I really mean 'typically useless' in the scenario where the communication is being done internally, not when you're actually communicating over the public internet. There can be quite a bit of wastage in this scenario. I really don't care about the 'Date' header or the 'Server' header, but the HTTP spec does, so they're there.

Thanks to all that complexity in HTTP (particularly HTTP2), there is no need to pay that headers size cost in most cases, particularly ones where bandwidth tends to be a concern. Yes, naive and "simple" implementations totally waste a TON of space in headers, and even if you exploit all that complexity HTTP is still inefficient in terms of network bandwidth consumption, much as even compressed JSON is still inefficient with its use of bytes.

All I'm saying is that while JSON is horribly inefficient for some payloads, the reality is that most serialization formats tend to be efficient for specific kinds of payloads, but still have plenty of common cases they don't attempt to be efficient with. For example, machine readable formats like protobuf, thrift, avro, etc. employ some variation on varint encoding to keep small integers compactly represented, they encode strings relatively inefficiently; They encode field type & number, followed by a varint for length, followed by uncompressed UTF-8 encoded payload... and I've found that if anything it seems once you go through the compression ringer it often isn't much different in terms of space consumption vs. JSON... and sometimes it can be less efficient. Given how often fields end up being encoded as strings (even though they should be enums, ints, etc.), this has resulted in a lot of surprising cases for teams who have tried switching away from JSON to reduce payload sizes. If you cared about efficiency, you'd probably have a special encoding mechanism for short strings, and then a reasonably compact (but fast to parse) representation for longer strings, probably using something like SCSU encoding instead of UTF-8.
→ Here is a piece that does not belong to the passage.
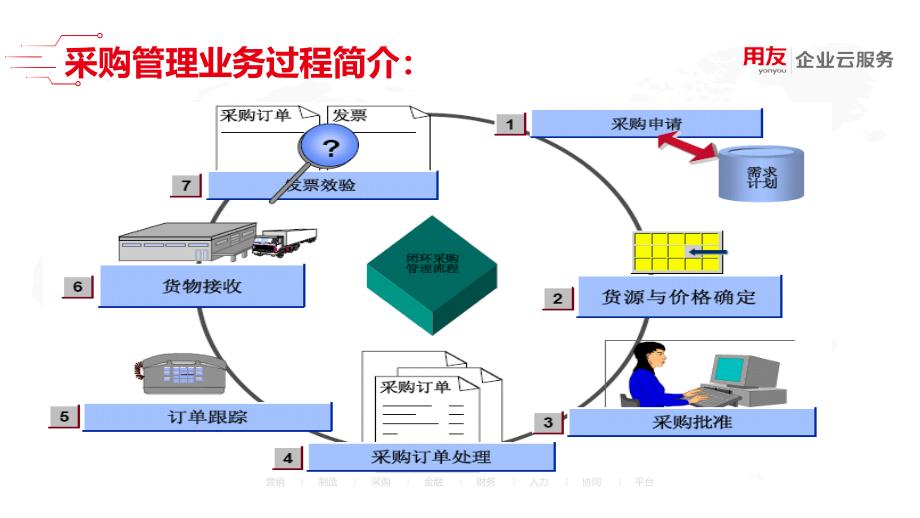 U8 cloud领域解决方案-供应链管理之采购管理_第3页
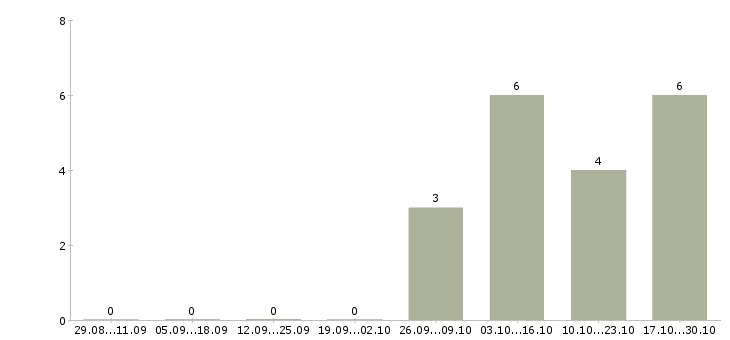 Работа инженер специальной связи Татарстан - Число вакансий Татарстан по специальности инженер специальной связи за 2 месяца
...and I've reached the exact opposite conclusion. You aren't unusual, but I've never been able to understand how people get there any more than they understand how I have come to my conclusion.
Provided you never need to use integers > 53 bits, dates, binary data, comments or validate what you're sending or receiving it's totally fine.
On XML:

  > Not sure anyone really knows how XML happened. It’s 
  > basically the W3C’s fault, I think? It’s okay for some 
  > things but in the end I’m not sure it’s something anyone 
  > actually wants to use, it’s just going to be one more of 
  > those mistakes of the past.
Look, I was doing web dev when XMLRPC was in. For simple API stuff, JSON ended up being worlds better. No fiddly XML preamble, no schemas, no envelopes, just enough structure to be able to quickly pull out a couple of fields and we're set. Beautiful.

But let me tell you how much I appreciated XML and schema validation when we were working with fifteen different partners all using a standardized XML format with a schema. These are cats who were putting XSDs into their IDEs, clicking generate to get a class, and then just not caring.

So when our integrations broke because they were sending XML payloads that failed schema validation, our conversations were so easy.

Before you say "yes but technically you could have done the same with $OTHER_THING" -- sure it's possible, but XML is ubiquitous. Shit, our tools were in Ruby.

XML can be a bear, but sometimes you need a bear.

"Sometimes you eat the bear, and sometimes the bear eats you."
You only need to serialize faster than the guy next to you, or something
Much agreement here, and from the exact same usecase. Probably the easiest B2B API integration scenario I worked with in the past was XML + XML Schema validation. And I still think XML is more readable in many cases than JSON, because while verbose the hierarchical structure is very easy to grasp, sometimes I misread an entire JSON document at first because I missed a quick "[" or "[{" (yes I have also misread XML documents because of the sheer weight of text you are presented with, so I'll call that one a wash).

I do agree with the XML criticisms around writability and complexity, though I think if you made a Venn diagram of the actual complexities inherent in managing a multi-client document-exchange system and the complexities of XML+Schema, you'd find that they're similar--and that many people who start building such an exchange with JSON documents end up stumbling into the same amount of complexity except in an ad hoc fashion.

It's funny, I wonder if other people have the same surreal experience: as the mass zeitgeist moved away from XML I was more or less like, okay, gotta go with it, as the driftwood goes with the currents. It's interesting how the zeitgeist functions. You can tell it's happening when people look at your functional system and are like, "Uhh, why aren't you using X...?" as though it's self-evident that you should drop everything and rewrite. Where X was, over the years (dating myself) {"Java", "PHP", "Node", "Rails", "Jquery", "REST", "Angular", "React", "Thrift", "NoSQL", "Protobuf", "Hadoop"}. Some of which I quite happily used, BTW, so the interesting part is the penetrative nature of the conversation, e.g. how the quite-functional-but-not-hot technology becomes the sick gazelle falling behind the herd, even as it is not empirically sick.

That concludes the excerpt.